Overview
It’s high time we revisited the long-neglected capital rules in the benefit system says the Resolution Foundation's new report.
Means-tested benefits in Britain are built on the principle that individuals with significant financial resources should use those before receiving state support. That’s why wealth – as well as income – is assessed when determining eligibility and entitlement levels for means-tested support. Few would argue that people with substantial resources are in equal need of public support as those without.
While income means-testing has been widely studied and debated, capital means-testing has received far less attention. This is an oversight, not least because wealth plays a critical role in living standards.
And despite rising asset values, capital thresholds have remained unchanged in cash terms since 2006. With the Government now reviewing Universal Credit (UC), now is the time to assess if the current rules are fit for purpose.
In this paper the Resolution Foundation take a deep dive into how the capital rules operate, focusing on means-tested support for working-age families, particularly within UC, the main working-age benefit. They examine who they affect and whether the current system is delivering fairness and efficiency. They then explore the shortcomings of the current approach and propose options for reform.
Key Recommendations
- The Government should address the declining value of the capital rules’ thresholds by uprating them in line with inflation.

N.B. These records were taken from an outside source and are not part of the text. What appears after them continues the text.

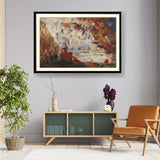 Tribulations Of Saint Anthony - WALL MOUNT FRAME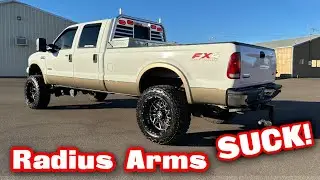 NEVER Lift a Radius Arm Truck! 🚫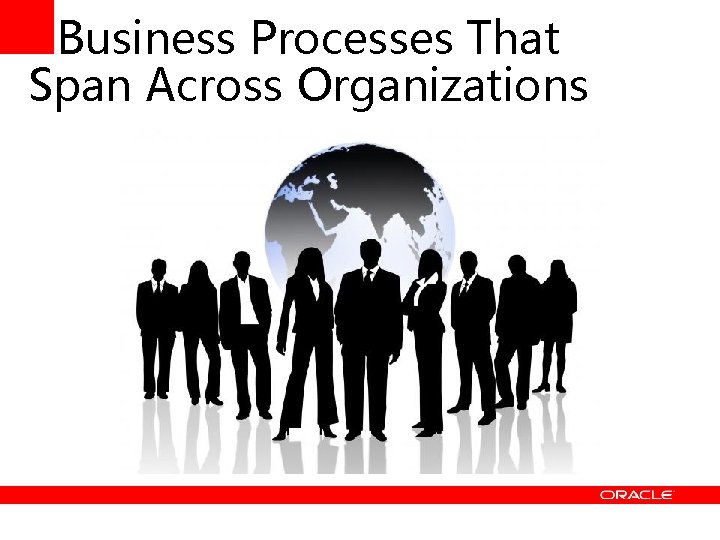 Business Processes That Span Across Organizations 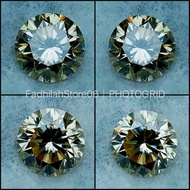 Lostone Simulant Yellow Diamond Moissanite Full DS + Memo Lab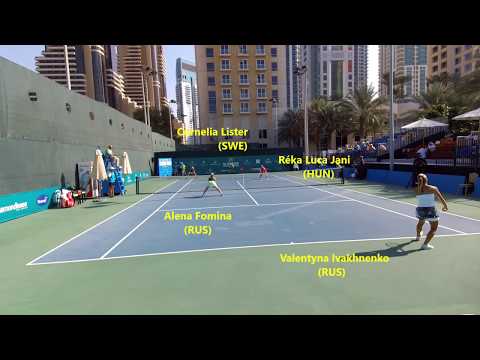 Best of Tennis Final: Fomina/Ivakhnenko & Lister/Jani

- The Government should also consider removing the ‘cliff edge’ from the upper capital limit.
Conclusion
But that does not mean the Government should continue to ignore this long-neglected part of the benefit system. Targeted reforms can be used to support long-term savings while preserving fairness in means-testing. Exempting savings in Help to Save accounts and LISAs would give low-to-middle income families greater flexibility to build financial resilience – for both short-term shocks and long-term goals like home ownership or retirement. Indexing the capital thresholds from 2026-27 would help maintain fairness over time, preventing the system from becoming increasingly punitive toward those with modest savings.
More ambitious changes, such as removing the £16,000 upper limit, could further strengthen the system. However, these must be weighed against higher priorities in the benefit system, like the removal of the two-child limit, benefit cap and Local Housing Allowance freeze, and the overall inadequacy of benefit levels. Nonetheless, such reforms should remain part of a long-term strategy for a fairer, more supportive welfare system.